Good news, chicken lovers: Williamsville is considering a change in law to allow residents to keep the fowl in their backyards.
The request came from Elizabeth Dagostino, a resident who wants to raise three hens with the help of her two young sons. Amherst already allows the practice, evidently with no serious clucking from neighbors.
Dagostino says the hens are no louder than cats and that she won’t proceed if neighbors object. For those who do, we suggest Sunday brunch omelettes.
Maybe this will put a lid on the number of selfies that show up online: A new study says that those ubiquitous closeups – are you ready for this? – make your nose look big.
Not that we have anything against protuberant proboscises, you understand. Some of these notable noses are truly magnificent, as fans of Tony Bennett surely understand. We’re all for historic honkers.

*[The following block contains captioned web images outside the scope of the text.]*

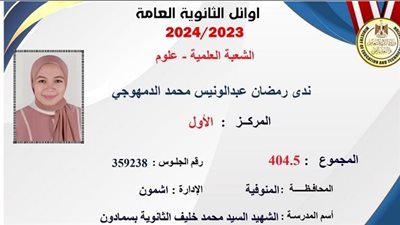 بالأسماء .. ننشر قائمة أوائل طلاب الثانوية العامة 2024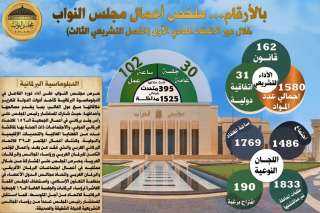 مجلس النواب يصدر تقرير حصاد الدور الأول للفصل التشريعي الثالث: 162 قانوناً... مجلس النواب يصدر تقرير حصاد الدور الأول للفصل التشريعي الثالث: 162 قانوناً و31 اتفاقية وعشرات الجلسات الرقابية 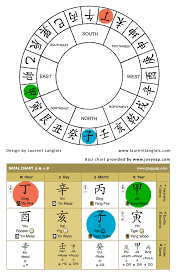 how bazi helps you get better and faster feng shui results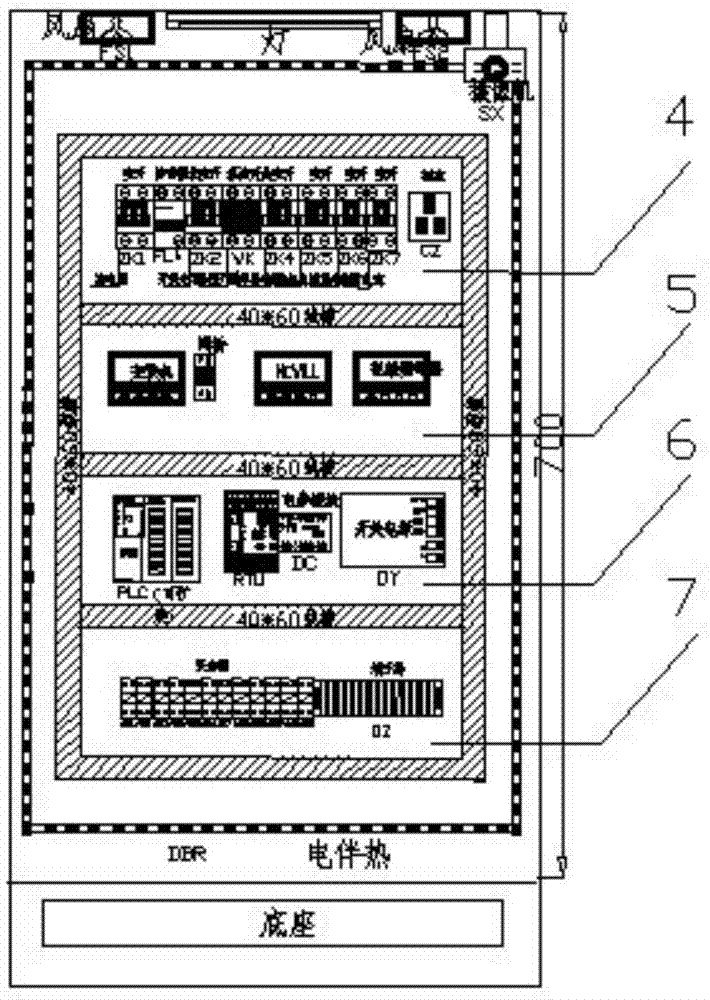 Comprehensive well site measurement and control cabinet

It’s the selfies. Too, too many. Maybe this report will dampen the enthusiasm for this modern-day vanity. More likely, it will produce a run on selfie sticks. Oh. well.

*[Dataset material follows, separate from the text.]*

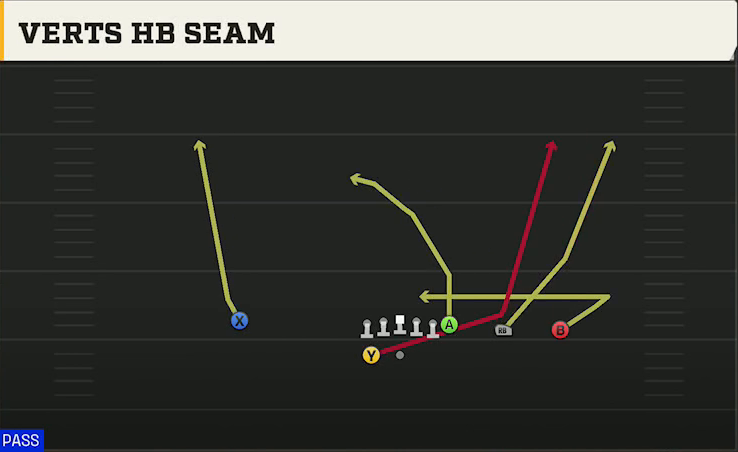UAB Offense Gun Y Trips Wk Verts HB Seam play diagram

For a guy who didn’t want to waste government money giving poor people creature comforts, as he made clear while touring facilities for the poor last year, HUD Secretary Ben Carson is not sparing any expense when it comes to his own office digs.

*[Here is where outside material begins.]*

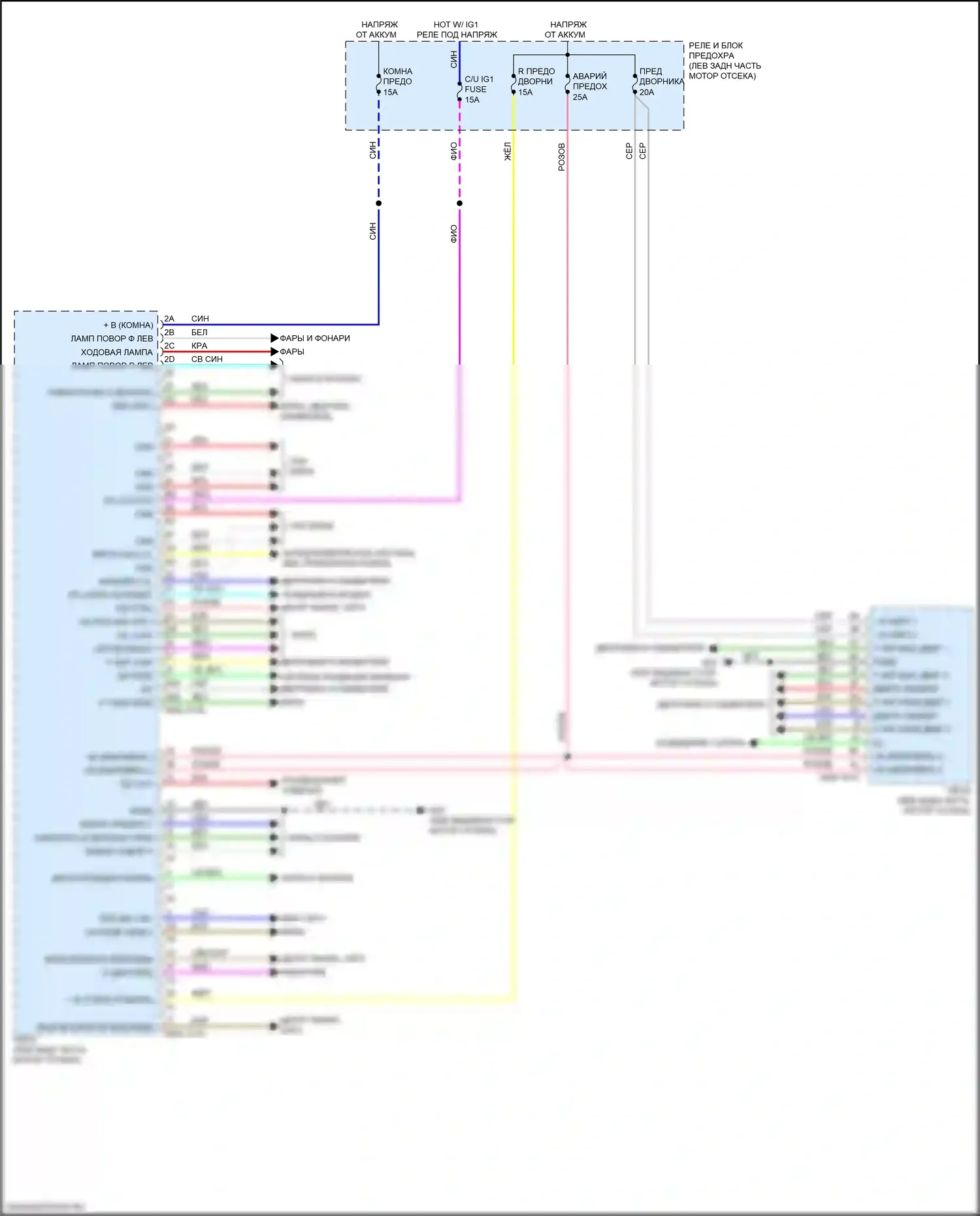 CX-5 Mazda II (2017-2022): Электросхема блока управления передним кузовом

Department of Housing and Urban Development officials spent $31,000 on a new dining room set for Carson’s office in late 2017, although he later tried wriggling out of the deal. The expense coincided with White House plans to cut HUD’s programs for the homeless, elderly and poor, according to the New York Times.
But hey, he needed to spruce up the 1960s-era office suite and furniture Carson can now enjoy fine dining in style while, in the spirit of Marie Antoinette, the poor can go eat cake.